- WORK ITEM -
Reproduce the section of the listing that begins at the line containing "set of conjunct" and finishes at the line containing "私の飲むクラスは地質学の問題を持っている 缶バッジ (正面)". Include both end lines and nothing beyond them.

+++ RECORDS PROVIDED +++

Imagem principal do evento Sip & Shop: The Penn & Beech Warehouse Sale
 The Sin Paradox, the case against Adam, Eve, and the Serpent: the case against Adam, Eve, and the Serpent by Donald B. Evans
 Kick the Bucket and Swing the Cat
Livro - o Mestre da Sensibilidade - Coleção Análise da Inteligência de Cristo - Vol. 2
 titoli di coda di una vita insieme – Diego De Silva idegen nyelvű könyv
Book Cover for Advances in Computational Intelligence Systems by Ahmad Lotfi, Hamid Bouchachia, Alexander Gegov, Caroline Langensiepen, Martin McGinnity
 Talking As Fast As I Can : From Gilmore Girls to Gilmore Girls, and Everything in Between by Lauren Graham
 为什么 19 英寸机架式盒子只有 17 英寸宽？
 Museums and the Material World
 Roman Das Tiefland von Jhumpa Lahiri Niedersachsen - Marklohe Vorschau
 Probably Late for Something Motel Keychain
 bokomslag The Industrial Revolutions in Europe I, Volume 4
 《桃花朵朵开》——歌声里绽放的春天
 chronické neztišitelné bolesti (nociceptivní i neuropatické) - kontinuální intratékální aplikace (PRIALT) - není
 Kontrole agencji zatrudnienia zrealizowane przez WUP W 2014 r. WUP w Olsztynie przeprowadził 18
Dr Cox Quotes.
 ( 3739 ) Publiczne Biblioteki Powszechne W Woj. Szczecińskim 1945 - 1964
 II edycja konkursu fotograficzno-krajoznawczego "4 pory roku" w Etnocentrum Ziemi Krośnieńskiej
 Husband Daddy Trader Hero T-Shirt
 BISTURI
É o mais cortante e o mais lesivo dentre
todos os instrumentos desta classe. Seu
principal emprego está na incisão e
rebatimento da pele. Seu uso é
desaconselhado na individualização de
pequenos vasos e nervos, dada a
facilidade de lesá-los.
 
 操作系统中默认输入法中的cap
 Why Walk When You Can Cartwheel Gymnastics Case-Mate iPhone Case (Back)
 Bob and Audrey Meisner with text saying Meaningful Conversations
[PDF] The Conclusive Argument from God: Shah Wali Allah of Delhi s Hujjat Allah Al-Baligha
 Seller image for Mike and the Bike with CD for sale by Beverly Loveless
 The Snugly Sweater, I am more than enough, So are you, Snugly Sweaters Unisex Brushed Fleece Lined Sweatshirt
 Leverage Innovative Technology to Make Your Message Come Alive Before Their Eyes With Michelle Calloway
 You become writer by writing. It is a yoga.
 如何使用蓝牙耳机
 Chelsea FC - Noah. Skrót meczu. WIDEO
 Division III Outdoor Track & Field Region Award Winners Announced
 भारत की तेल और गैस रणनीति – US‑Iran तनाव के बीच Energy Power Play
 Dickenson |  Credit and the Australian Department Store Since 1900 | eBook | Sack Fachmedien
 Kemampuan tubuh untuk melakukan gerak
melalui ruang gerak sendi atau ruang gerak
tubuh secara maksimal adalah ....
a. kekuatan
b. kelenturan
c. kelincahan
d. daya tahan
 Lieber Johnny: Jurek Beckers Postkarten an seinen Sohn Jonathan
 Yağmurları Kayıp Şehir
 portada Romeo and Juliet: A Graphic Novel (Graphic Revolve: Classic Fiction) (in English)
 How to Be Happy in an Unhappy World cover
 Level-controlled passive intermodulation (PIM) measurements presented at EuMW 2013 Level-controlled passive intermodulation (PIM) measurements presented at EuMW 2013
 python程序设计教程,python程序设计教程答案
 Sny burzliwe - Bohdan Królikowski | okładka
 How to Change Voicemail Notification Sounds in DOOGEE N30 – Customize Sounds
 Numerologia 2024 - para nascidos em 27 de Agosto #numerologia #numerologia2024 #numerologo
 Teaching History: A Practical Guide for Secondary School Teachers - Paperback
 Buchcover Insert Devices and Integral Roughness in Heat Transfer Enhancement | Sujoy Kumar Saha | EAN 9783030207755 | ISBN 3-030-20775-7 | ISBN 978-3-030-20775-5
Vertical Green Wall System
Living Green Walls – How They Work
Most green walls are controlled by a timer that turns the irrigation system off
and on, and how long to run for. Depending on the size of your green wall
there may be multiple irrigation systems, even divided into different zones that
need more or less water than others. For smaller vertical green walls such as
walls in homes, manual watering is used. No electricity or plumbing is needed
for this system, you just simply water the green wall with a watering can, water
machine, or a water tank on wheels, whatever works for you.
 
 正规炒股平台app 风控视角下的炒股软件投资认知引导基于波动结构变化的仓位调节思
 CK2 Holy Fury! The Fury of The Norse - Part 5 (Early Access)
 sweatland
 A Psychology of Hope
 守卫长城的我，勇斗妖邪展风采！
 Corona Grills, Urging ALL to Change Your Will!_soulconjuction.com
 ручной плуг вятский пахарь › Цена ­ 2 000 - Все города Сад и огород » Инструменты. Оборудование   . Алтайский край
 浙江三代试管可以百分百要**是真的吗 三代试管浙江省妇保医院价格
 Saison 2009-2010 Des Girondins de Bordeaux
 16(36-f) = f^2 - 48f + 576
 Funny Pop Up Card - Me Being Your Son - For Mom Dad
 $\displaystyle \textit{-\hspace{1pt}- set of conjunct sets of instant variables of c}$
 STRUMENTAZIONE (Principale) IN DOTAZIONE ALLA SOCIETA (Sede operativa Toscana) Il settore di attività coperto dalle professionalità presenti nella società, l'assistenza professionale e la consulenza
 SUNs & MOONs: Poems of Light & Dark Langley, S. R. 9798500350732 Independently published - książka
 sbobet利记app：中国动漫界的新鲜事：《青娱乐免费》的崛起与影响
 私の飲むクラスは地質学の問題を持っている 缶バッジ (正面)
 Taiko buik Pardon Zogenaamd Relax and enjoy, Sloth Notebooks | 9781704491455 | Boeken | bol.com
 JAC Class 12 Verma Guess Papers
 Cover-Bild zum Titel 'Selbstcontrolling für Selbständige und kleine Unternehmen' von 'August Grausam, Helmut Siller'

+++

- ANSWER SECTION -
 $\displaystyle \textit{-\hspace{1pt}- set of conjunct sets of instant variables of c}$
 STRUMENTAZIONE (Principale) IN DOTAZIONE ALLA SOCIETA (Sede operativa Toscana) Il settore di attività coperto dalle professionalità presenti nella società, l'assistenza professionale e la consulenza
 SUNs & MOONs: Poems of Light & Dark Langley, S. R. 9798500350732 Independently published - książka
 sbobet利记app：中国动漫界的新鲜事：《青娱乐免费》的崛起与影响
 私の飲むクラスは地質学の問題を持っている 缶バッジ (正面)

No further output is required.